Reaction Kinetics:
Further to the application discussed above the TGA has also been used to elucidate the kinetics of decomposition reactions. This includes analyzing the shape of the TG curve. In common the rate of reaction at any measured temperature is proportional to the slope of the curve, other than a number of uncertainties sometimes make these analyses of questionable value. Even by lot of work has been reported on the subject. Here we are providing a brief discussion on the scope of kinetic analysis through TGA method.
The both isothermal and dynamic techniques are in use for kinetic studies but the isothermal measurement at elevated temperature and measure the time taken for a definite extent of mass loss to occur is easier.

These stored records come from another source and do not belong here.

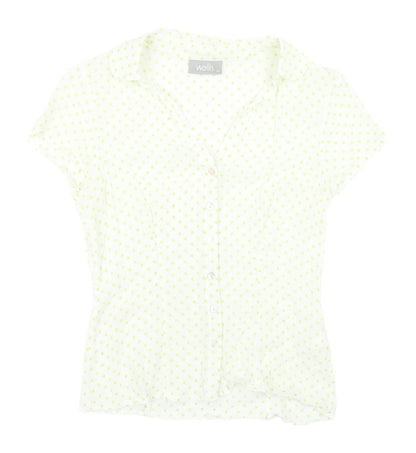 Womens UK Size 10 Wallis White  Blouse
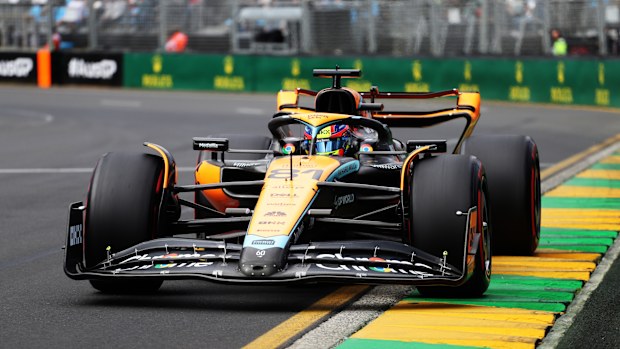 Oscar Piastri in action during qualifying ahead of the Australian Grand Prix.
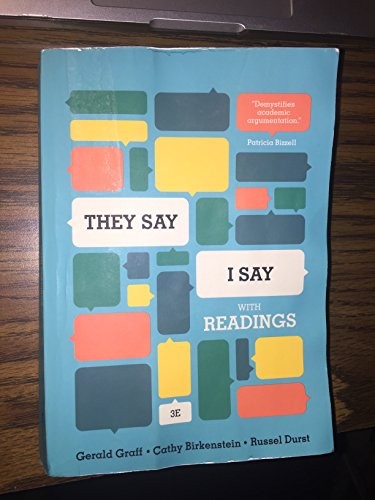 "they Say / I Say"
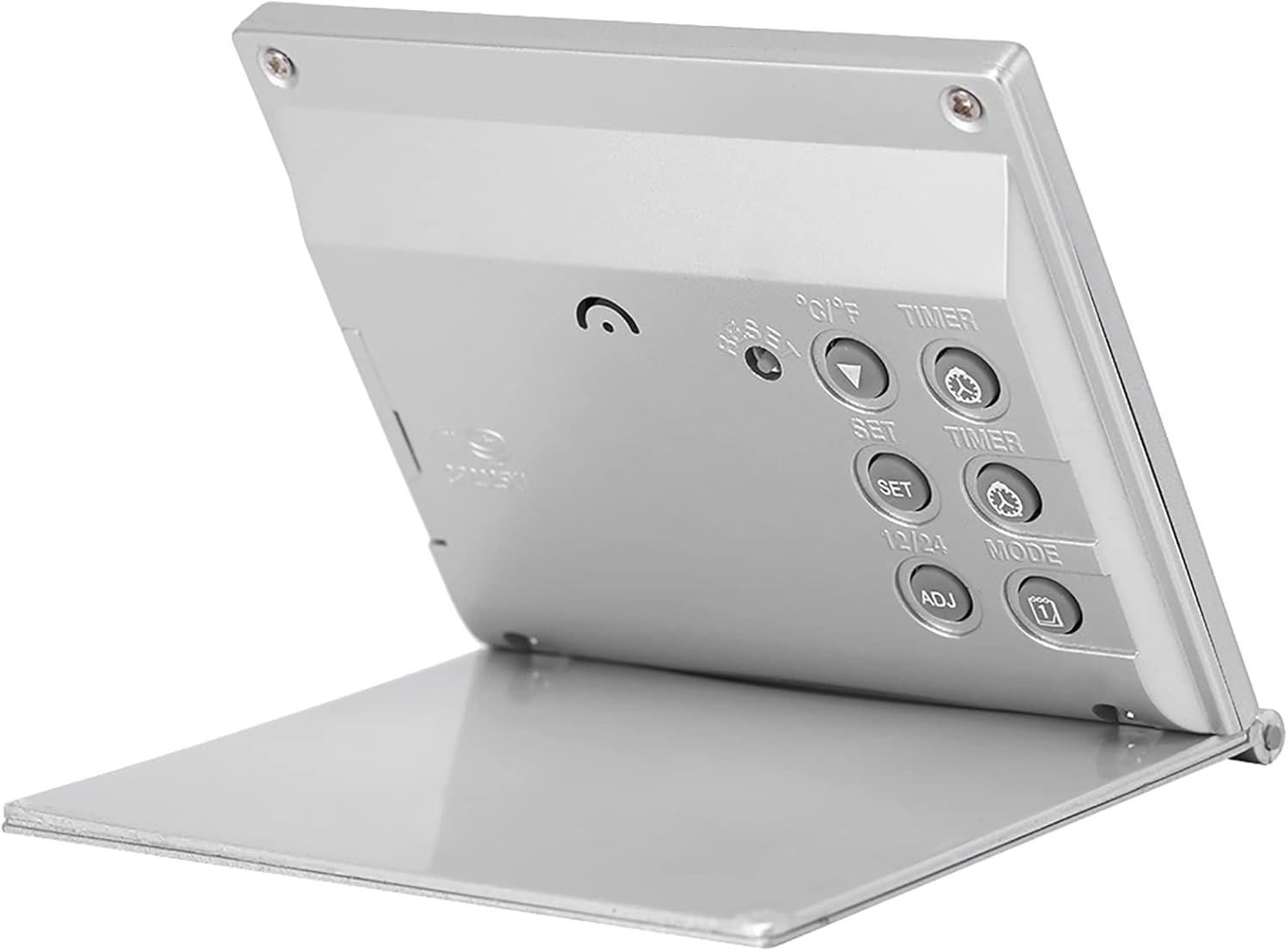 GLOGLOW Multifunctional LED Clock with Weather Monitoring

The temperature dependence of chemical processes might be expressed through the Arrhenius equation.
K= A exp (- Ea/RT)
while K is the rate constant, R the gas constant and T the thermodynamic (Kelvin) temperature. A values of the Arrhenius parameter (Ea and A) gives measures of the magnitude of the energy barrier to reaction (the activation energy, Ea) and the frequency of the occurrence of a condition which might lead to reaction (the frequency factor A, s-1. The rate constant K is defined through the relationship among the rate of reaction (dα/ dt) and the extent of conversion or fraction reacted decomposed (α). The general relation to describe the relationship among (dα/dt) and (α) is
(dα/dt) = kα m (1-α) n
Thus, from Eq. (10.10) it is probable to derive several sub class of rate equation like as first order decay, nucleation, growth, etc. through changing the values of m and n. Isothermal experiments gives the means of determining the form of kinetic equation by discrimination among different models is not straight forward. An easier approach is to substitute the reciprocal of the isothermal life time for the rate constant in Eq. (10.9) and extrapolate the data to the region of interest.